“Jesus knew that they wanted to ask Him…” (John 16:19). The disciples’ heads were full of questions. They had heard some quite extraordinary things: Jesus was returning to the Father, the world was going to hate them, the Spirit of Truth was coming to enlighten them, etc. They had way too much to process, and I’m sure they were in complete agreement with Jesus when He said: “I have yet many things to say to you, but you cannot bear them now” (16:12).
They did ask Jesus one question, which He answered in his own mysterious way, Himself admitting that He spoke “in figures.” Then, still not quite understanding, but with a bit of false bravado, they exclaimed: “Now we know that You know all things, and there is no need for anyone to question You!” That they didn’t get it was clear from Jesus’ immediate prediction that in his hour of need they would all desert Him.

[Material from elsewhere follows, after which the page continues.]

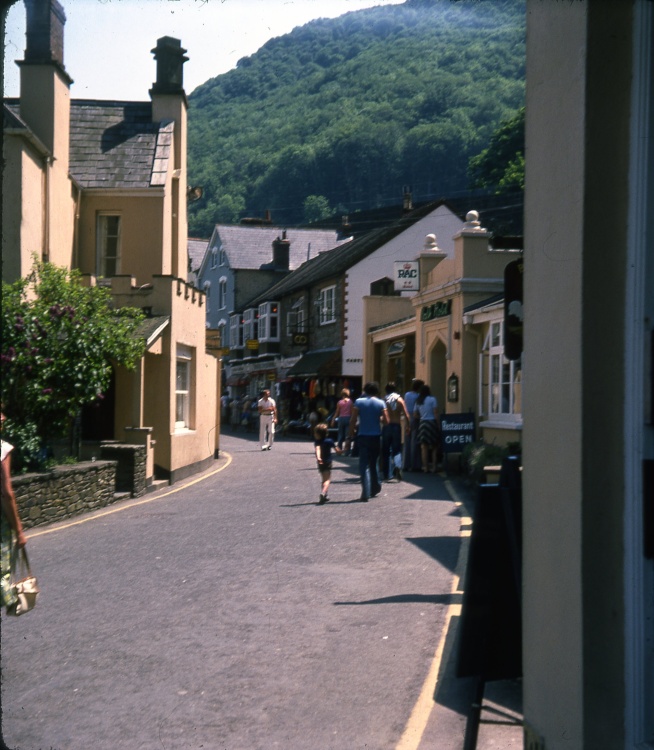 Lynmouth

But the disciples were right about one thing: He does know all things and there is no need to question Him. Not that it’s wrong to question God; He’s quite understanding and indulgent with our gropings and perplexities. But if we do decide to question God, there are two other things that need to be done: 1) Wait long enough to receive an answer, and/or 2) Realize that even though He has much to tell us, we cannot bear it now. The latter is the one we’ll most often have to accept.
In C.S. Lewis’ marvelous paradisal novel, Perelandra, the embattled hero asks a question of a great Angel about some deep mystery, only to receive the reply that there was no “holding-place” in his limited mind for the answer. He did eventually receive a flash of insight concerning the Great Dance, that intricately interwoven tapestry—or fabulously, minutely interconnected glorious grid—of God’s providential design for all times, places, persons, and things, from galaxies to grains of dust, but it was so overwhelmingly brilliant, wondrous, and mind-exploding that he could barely grasp enough even to begin to adequately articulate it. But the thing to hold on to for now is that there is a plan (or countless interdependent ones), there are answers, and God is the Master of the universe and of our own individual destinies.

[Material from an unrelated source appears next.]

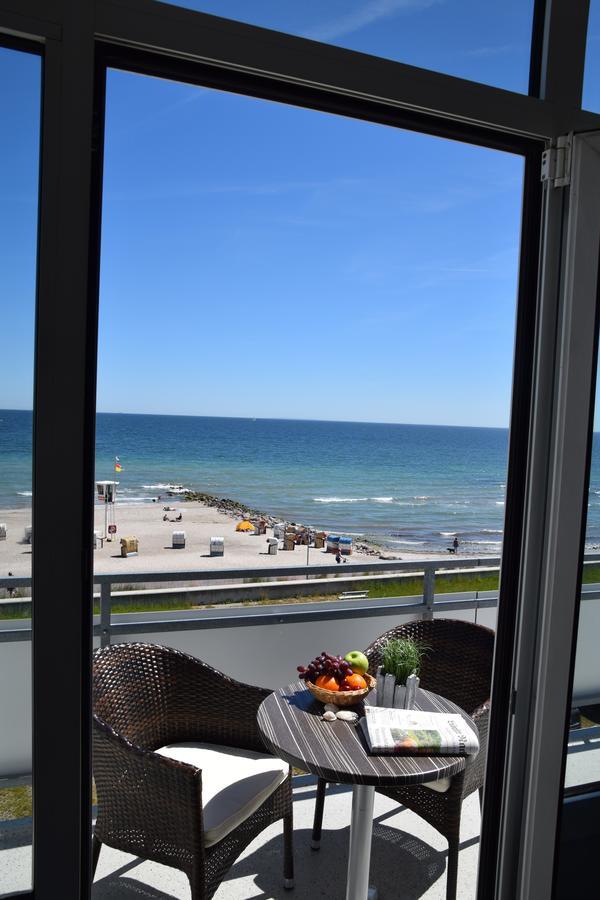 Hotel Thode Dahme  Eksteriør bilde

We have to realize that we’re just not ready or able to receive all there is to know about the divine mysteries, or even those of the material cosmos and our own souls. There will always be questions, and sometimes we frustrate ourselves needlessly. We have to get beyond the questions, or beyond the need to constantly ask questions, especially if we do it in an over-curious, impatient, or arrogant manner. But to go beyond the questions is not necessarily to go to the place of answers—it is to go to the place of confidence in Christ, “in whom are hidden all the treasures of wisdom and knowledge” (Colossians 2:3). Just knowing that there is a design, a plan, worked out from time immemorial by a loving God, should ease our anxious uncertainties about all the vicissitudes of life and the threats to our fragile security. We’re not cut adrift, we’re not accidental, we’re not unknown or forgotten, we’re not random chunks of evolved protoplasm milling about a spinning orb of rock and water, heading towards an ultimate and meaningless dissolution.

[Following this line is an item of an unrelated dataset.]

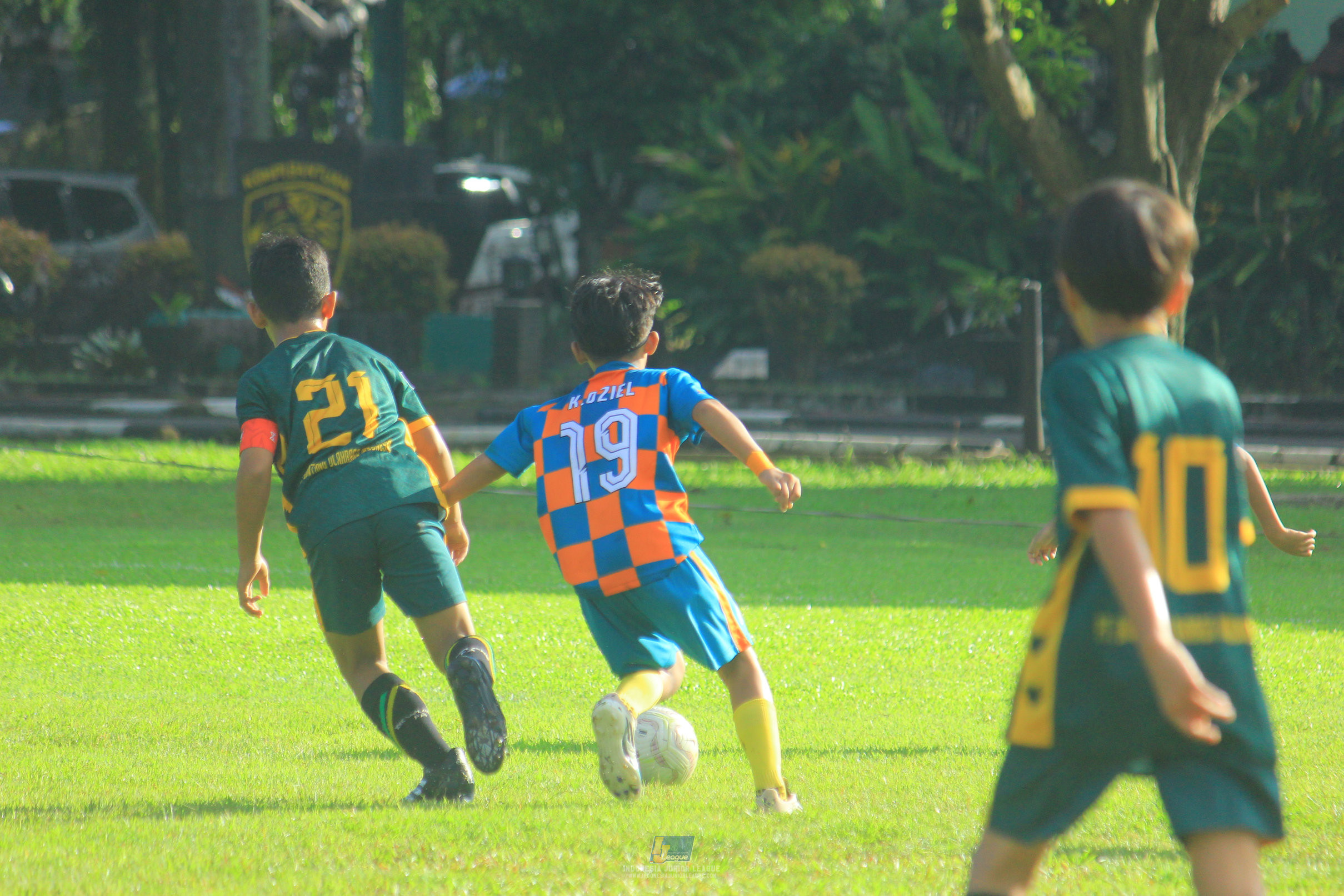 ijl u11 120426 newland fa vs jakarta academy soccer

Jesus said that the Spirit of Truth would teach us all things. He said that so that in Him we might have peace (John 16:33). Trust in Him; wait for the Promise of the Father. Move beyond the questions. Don’t fret over what you don’t understand. After all, we’re in the hands of Angels, those bright and glorious “ministering spirits sent forth…for the sake of those who are to obtain salvation” (Hebrews 1:14). If we don’t have holding-places in our minds for all the mysteries, let’s at least hold in our hearts some trust in that ineffably transcendent yet intimately personal God, who loved us enough to give us a unique place in his marvelous design.